◆ **Your goal**
Could you reproduce every record below exactly as it stands?
#### Data for this task
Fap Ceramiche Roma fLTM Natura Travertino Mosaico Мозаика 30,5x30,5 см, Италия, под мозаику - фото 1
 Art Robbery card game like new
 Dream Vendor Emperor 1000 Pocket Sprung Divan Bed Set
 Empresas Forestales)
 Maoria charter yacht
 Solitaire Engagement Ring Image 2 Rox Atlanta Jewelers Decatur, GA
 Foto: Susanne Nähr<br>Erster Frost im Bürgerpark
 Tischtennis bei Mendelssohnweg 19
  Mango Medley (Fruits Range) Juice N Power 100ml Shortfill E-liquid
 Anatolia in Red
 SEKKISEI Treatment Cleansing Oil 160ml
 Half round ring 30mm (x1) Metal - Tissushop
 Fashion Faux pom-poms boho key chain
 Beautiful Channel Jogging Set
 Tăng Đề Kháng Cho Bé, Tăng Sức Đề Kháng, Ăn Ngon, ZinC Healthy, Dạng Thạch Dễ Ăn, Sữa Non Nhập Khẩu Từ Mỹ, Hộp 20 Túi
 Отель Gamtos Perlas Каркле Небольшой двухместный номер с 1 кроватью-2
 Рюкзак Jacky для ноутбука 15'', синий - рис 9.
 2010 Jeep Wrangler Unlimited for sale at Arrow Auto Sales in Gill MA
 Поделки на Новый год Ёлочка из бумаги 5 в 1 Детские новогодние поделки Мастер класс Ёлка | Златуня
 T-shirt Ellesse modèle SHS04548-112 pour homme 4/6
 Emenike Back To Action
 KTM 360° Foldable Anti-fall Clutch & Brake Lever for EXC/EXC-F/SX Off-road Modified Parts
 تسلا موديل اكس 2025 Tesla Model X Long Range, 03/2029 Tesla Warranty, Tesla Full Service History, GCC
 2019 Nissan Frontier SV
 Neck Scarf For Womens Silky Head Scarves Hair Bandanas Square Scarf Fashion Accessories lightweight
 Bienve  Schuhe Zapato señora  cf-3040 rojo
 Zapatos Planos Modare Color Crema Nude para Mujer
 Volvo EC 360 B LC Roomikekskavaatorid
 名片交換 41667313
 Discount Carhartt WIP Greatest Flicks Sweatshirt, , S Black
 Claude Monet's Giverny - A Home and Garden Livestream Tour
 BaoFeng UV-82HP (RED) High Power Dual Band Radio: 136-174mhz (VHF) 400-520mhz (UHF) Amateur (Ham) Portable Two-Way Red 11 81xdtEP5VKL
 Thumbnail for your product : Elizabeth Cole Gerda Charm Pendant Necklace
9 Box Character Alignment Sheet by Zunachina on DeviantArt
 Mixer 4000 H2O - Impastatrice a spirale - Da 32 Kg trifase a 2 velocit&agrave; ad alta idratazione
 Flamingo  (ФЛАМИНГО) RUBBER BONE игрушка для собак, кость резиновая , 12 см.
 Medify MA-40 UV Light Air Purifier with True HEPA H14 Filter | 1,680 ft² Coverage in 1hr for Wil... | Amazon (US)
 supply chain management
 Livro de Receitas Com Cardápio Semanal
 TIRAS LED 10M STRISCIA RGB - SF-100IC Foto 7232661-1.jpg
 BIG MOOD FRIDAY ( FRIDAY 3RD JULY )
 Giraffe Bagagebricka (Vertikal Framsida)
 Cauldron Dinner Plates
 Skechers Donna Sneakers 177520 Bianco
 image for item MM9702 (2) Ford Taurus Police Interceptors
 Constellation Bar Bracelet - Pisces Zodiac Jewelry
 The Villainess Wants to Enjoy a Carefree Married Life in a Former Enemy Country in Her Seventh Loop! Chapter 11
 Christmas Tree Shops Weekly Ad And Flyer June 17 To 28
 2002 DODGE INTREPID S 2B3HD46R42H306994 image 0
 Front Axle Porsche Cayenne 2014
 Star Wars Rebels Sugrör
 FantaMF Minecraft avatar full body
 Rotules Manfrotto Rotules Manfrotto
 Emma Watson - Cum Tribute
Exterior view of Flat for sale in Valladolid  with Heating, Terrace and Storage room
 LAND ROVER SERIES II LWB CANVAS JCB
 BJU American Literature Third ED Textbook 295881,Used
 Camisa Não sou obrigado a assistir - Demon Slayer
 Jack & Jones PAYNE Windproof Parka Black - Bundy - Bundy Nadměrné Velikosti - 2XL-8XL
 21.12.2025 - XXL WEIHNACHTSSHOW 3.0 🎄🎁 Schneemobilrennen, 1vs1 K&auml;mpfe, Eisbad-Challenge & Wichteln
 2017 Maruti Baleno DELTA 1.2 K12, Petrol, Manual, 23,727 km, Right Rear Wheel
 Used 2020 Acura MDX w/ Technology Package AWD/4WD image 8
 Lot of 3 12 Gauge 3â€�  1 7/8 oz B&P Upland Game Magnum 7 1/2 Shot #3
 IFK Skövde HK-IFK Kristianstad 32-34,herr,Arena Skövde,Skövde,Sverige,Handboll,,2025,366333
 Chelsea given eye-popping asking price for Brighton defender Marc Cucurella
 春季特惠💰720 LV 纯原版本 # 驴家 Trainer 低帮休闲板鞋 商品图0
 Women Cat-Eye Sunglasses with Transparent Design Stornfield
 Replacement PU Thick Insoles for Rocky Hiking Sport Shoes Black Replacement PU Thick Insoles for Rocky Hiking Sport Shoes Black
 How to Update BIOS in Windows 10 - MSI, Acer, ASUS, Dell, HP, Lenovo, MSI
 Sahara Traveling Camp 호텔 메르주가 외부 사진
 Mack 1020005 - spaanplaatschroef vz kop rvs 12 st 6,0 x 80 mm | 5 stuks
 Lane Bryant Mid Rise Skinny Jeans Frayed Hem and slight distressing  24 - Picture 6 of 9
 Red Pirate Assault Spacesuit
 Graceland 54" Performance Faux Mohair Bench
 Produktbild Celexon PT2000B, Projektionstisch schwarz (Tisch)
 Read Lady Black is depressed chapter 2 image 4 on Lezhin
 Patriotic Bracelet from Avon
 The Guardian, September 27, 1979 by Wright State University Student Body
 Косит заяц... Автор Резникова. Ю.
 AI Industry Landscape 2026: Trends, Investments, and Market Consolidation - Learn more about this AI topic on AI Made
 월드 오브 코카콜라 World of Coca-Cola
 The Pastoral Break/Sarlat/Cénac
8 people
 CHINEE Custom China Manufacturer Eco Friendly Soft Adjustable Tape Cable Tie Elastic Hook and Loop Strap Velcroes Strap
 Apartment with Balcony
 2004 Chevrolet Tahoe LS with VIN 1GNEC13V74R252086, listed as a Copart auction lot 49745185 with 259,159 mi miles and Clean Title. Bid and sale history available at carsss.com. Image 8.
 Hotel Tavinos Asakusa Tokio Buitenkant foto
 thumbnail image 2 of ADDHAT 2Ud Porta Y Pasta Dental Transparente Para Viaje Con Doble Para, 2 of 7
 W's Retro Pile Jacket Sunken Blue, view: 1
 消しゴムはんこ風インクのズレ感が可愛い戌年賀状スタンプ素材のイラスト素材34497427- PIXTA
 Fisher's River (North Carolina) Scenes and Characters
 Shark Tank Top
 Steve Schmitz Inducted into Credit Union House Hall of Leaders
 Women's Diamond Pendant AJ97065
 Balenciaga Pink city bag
########
◆ **Reply**
Fap Ceramiche Roma fLTM Natura Travertino Mosaico Мозаика 30,5x30,5 см, Италия, под мозаику - фото 1
 Art Robbery card game like new
 Dream Vendor Emperor 1000 Pocket Sprung Divan Bed Set
 Empresas Forestales)
 Maoria charter yacht
 Solitaire Engagement Ring Image 2 Rox Atlanta Jewelers Decatur, GA
 Foto: Susanne Nähr<br>Erster Frost im Bürgerpark
 Tischtennis bei Mendelssohnweg 19
  Mango Medley (Fruits Range) Juice N Power 100ml Shortfill E-liquid
 Anatolia in Red
 SEKKISEI Treatment Cleansing Oil 160ml
 Half round ring 30mm (x1) Metal - Tissushop
 Fashion Faux pom-poms boho key chain
 Beautiful Channel Jogging Set
 Tăng Đề Kháng Cho Bé, Tăng Sức Đề Kháng, Ăn Ngon, ZinC Healthy, Dạng Thạch Dễ Ăn, Sữa Non Nhập Khẩu Từ Mỹ, Hộp 20 Túi
 Отель Gamtos Perlas Каркле Небольшой двухместный номер с 1 кроватью-2
 Рюкзак Jacky для ноутбука 15'', синий - рис 9.
 2010 Jeep Wrangler Unlimited for sale at Arrow Auto Sales in Gill MA
 Поделки на Новый год Ёлочка из бумаги 5 в 1 Детские новогодние поделки Мастер класс Ёлка | Златуня
 T-shirt Ellesse modèle SHS04548-112 pour homme 4/6
 Emenike Back To Action
 KTM 360° Foldable Anti-fall Clutch & Brake Lever for EXC/EXC-F/SX Off-road Modified Parts
 تسلا موديل اكس 2025 Tesla Model X Long Range, 03/2029 Tesla Warranty, Tesla Full Service History, GCC
 2019 Nissan Frontier SV
 Neck Scarf For Womens Silky Head Scarves Hair Bandanas Square Scarf Fashion Accessories lightweight
 Bienve  Schuhe Zapato señora  cf-3040 rojo
 Zapatos Planos Modare Color Crema Nude para Mujer
 Volvo EC 360 B LC Roomikekskavaatorid
 名片交換 41667313
 Discount Carhartt WIP Greatest Flicks Sweatshirt, , S Black
 Claude Monet's Giverny - A Home and Garden Livestream Tour
 BaoFeng UV-82HP (RED) High Power Dual Band Radio: 136-174mhz (VHF) 400-520mhz (UHF) Amateur (Ham) Portable Two-Way Red 11 81xdtEP5VKL
 Thumbnail for your product : Elizabeth Cole Gerda Charm Pendant Necklace
9 Box Character Alignment Sheet by Zunachina on DeviantArt
 Mixer 4000 H2O - Impastatrice a spirale - Da 32 Kg trifase a 2 velocit&agrave; ad alta idratazione
 Flamingo  (ФЛАМИНГО) RUBBER BONE игрушка для собак, кость резиновая , 12 см.
 Medify MA-40 UV Light Air Purifier with True HEPA H14 Filter | 1,680 ft² Coverage in 1hr for Wil... | Amazon (US)
 supply chain management
 Livro de Receitas Com Cardápio Semanal
 TIRAS LED 10M STRISCIA RGB - SF-100IC Foto 7232661-1.jpg
 BIG MOOD FRIDAY ( FRIDAY 3RD JULY )
 Giraffe Bagagebricka (Vertikal Framsida)
 Cauldron Dinner Plates
 Skechers Donna Sneakers 177520 Bianco
 image for item MM9702 (2) Ford Taurus Police Interceptors
 Constellation Bar Bracelet - Pisces Zodiac Jewelry
 The Villainess Wants to Enjoy a Carefree Married Life in a Former Enemy Country in Her Seventh Loop! Chapter 11
 Christmas Tree Shops Weekly Ad And Flyer June 17 To 28
 2002 DODGE INTREPID S 2B3HD46R42H306994 image 0
 Front Axle Porsche Cayenne 2014
 Star Wars Rebels Sugrör
 FantaMF Minecraft avatar full body
 Rotules Manfrotto Rotules Manfrotto
 Emma Watson - Cum Tribute
Exterior view of Flat for sale in Valladolid  with Heating, Terrace and Storage room
 LAND ROVER SERIES II LWB CANVAS JCB
 BJU American Literature Third ED Textbook 295881,Used
 Camisa Não sou obrigado a assistir - Demon Slayer
 Jack & Jones PAYNE Windproof Parka Black - Bundy - Bundy Nadměrné Velikosti - 2XL-8XL
 21.12.2025 - XXL WEIHNACHTSSHOW 3.0 🎄🎁 Schneemobilrennen, 1vs1 K&auml;mpfe, Eisbad-Challenge & Wichteln
 2017 Maruti Baleno DELTA 1.2 K12, Petrol, Manual, 23,727 km, Right Rear Wheel
 Used 2020 Acura MDX w/ Technology Package AWD/4WD image 8
 Lot of 3 12 Gauge 3â€�  1 7/8 oz B&P Upland Game Magnum 7 1/2 Shot #3
 IFK Skövde HK-IFK Kristianstad 32-34,herr,Arena Skövde,Skövde,Sverige,Handboll,,2025,366333
 Chelsea given eye-popping asking price for Brighton defender Marc Cucurella
 春季特惠💰720 LV 纯原版本 # 驴家 Trainer 低帮休闲板鞋 商品图0
 Women Cat-Eye Sunglasses with Transparent Design Stornfield
 Replacement PU Thick Insoles for Rocky Hiking Sport Shoes Black Replacement PU Thick Insoles for Rocky Hiking Sport Shoes Black
 How to Update BIOS in Windows 10 - MSI, Acer, ASUS, Dell, HP, Lenovo, MSI
 Sahara Traveling Camp 호텔 메르주가 외부 사진
 Mack 1020005 - spaanplaatschroef vz kop rvs 12 st 6,0 x 80 mm | 5 stuks
 Lane Bryant Mid Rise Skinny Jeans Frayed Hem and slight distressing  24 - Picture 6 of 9
 Red Pirate Assault Spacesuit
 Graceland 54" Performance Faux Mohair Bench
 Produktbild Celexon PT2000B, Projektionstisch schwarz (Tisch)
 Read Lady Black is depressed chapter 2 image 4 on Lezhin
 Patriotic Bracelet from Avon
 The Guardian, September 27, 1979 by Wright State University Student Body
 Косит заяц... Автор Резникова. Ю.
 AI Industry Landscape 2026: Trends, Investments, and Market Consolidation - Learn more about this AI topic on AI Made
 월드 오브 코카콜라 World of Coca-Cola
 The Pastoral Break/Sarlat/Cénac
8 people
 CHINEE Custom China Manufacturer Eco Friendly Soft Adjustable Tape Cable Tie Elastic Hook and Loop Strap Velcroes Strap
 Apartment with Balcony
 2004 Chevrolet Tahoe LS with VIN 1GNEC13V74R252086, listed as a Copart auction lot 49745185 with 259,159 mi miles and Clean Title. Bid and sale history available at carsss.com. Image 8.
 Hotel Tavinos Asakusa Tokio Buitenkant foto
 thumbnail image 2 of ADDHAT 2Ud Porta Y Pasta Dental Transparente Para Viaje Con Doble Para, 2 of 7
 W's Retro Pile Jacket Sunken Blue, view: 1
 消しゴムはんこ風インクのズレ感が可愛い戌年賀状スタンプ素材のイラスト素材34497427- PIXTA
 Fisher's River (North Carolina) Scenes and Characters
 Shark Tank Top
 Steve Schmitz Inducted into Credit Union House Hall of Leaders
 Women's Diamond Pendant AJ97065
 Balenciaga Pink city bag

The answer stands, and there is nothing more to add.